Reputation: 437
I'm trying to clean a dataset's names. I've used janitor::clean_names()
to start. However, I still have abbreviations that I would like to separate out with an underscore _
. I have code that works using rename_with(~str_replace(.x, "gh", "gh_"), .cols = starts_with("gh"))
, however there are many abbreviations and it would be good to find a way to map
or otherwise functionalize this process.
dat <- tibble(ghrisk_value = c(1,2),
ghrisk_corrected = c(2,3),
devpolicy_value = c(4,5),
devpolicy_corrected = c(5,6))
# code works but not functionalized
dat %>%
rename_with(~str_replace(.x, "gh", "gh_"), .cols = starts_with("gh")) %>%
rename_with(~str_replace(.x, "dev", "dev_"), .cols = starts_with("dev")) %>%
names()
# attempt at map...
abbr_words <- c("gh", "dev")
map(dat, ~rename_with(str_replace(.x, abbr_words, str_c(abbr_words, "_")))
Upvotes: 2
Views: 516
Reputation: 374
Using map you will need an assist function, which is real_func. map will work on colnames(dat), and will work with one colname at a time.

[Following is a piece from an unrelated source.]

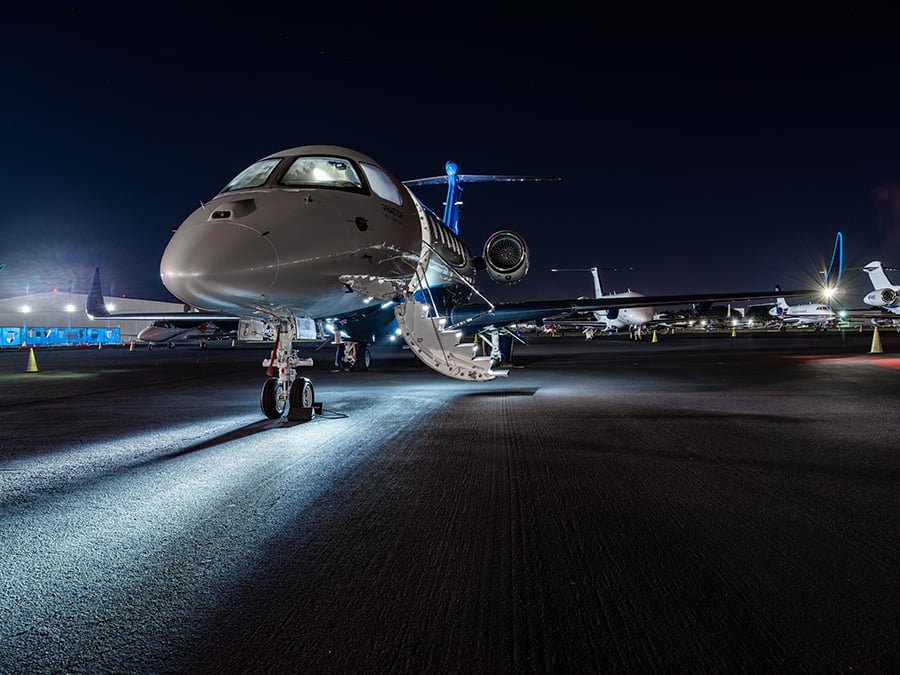 Praetor600_Exterior Night
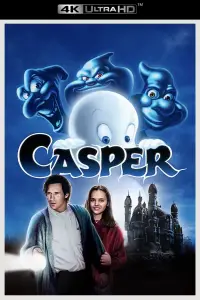 Poster to the movie "Casper" #903276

Map requires a function which is real_func, the first param, which is the data param will go before the function, and the remaining param will go later. Repl_func will take column name one at a time and take the list of abbreviated words, loop over it and perform replacements. At end unlist, is required to return a flattened vector.
abbr_words <- c("gh", "dev")
repl_func <- function(x,y){
for (i in y){
x <- str_replace(x,i,paste0(i,"_"))
}
return (x)
}
colnames(dat) <- unlist(map(colnames(dat), repl_func, abbr_words))
Upvotes: 2
Reputation: 28675
You can reduce
over the words to replace with str_replace
abbr_words <- c("gh", "dev")
dat %>%
rename_all( ~
reduce(abbr_words, ~str_replace(.x, paste0('^', .y), paste0(.y, '_')), .init = names(dat))
)
# # A tibble: 2 x 4
# gh_risk_value gh_risk_corrected dev_policy_value dev_policy_corrected
# <dbl> <dbl> <dbl> <dbl>
# 1 1 2 4 5
# 2 2 3 5 6
Upvotes: 2
Reputation: 35554
You don't need map()
. Just use the regular expression syntax "(?<=a|b|c)"
, which matches the position behind a
or b
or c
and insert an underscore. In addition, starts_with()
can take a character vector as input to match the union of all elements.
abbr_words <- c("gh", "dev")
pattern <- sprintf("(?<=%s)", str_c(abbr_words, collapse = "|"))
# [1] "(?<=gh|dev)"
dat %>%
rename_with(~ str_replace(.x, pattern, "_"), starts_with(abbr_words))
# # A tibble: 2 x 4
# gh_risk_value gh_risk_corrected dev_policy_value dev_policy_corrected
# <dbl> <dbl> <dbl> <dbl>
# 1 1 2 4 5
# 2 2 3 5 6
Upvotes: 3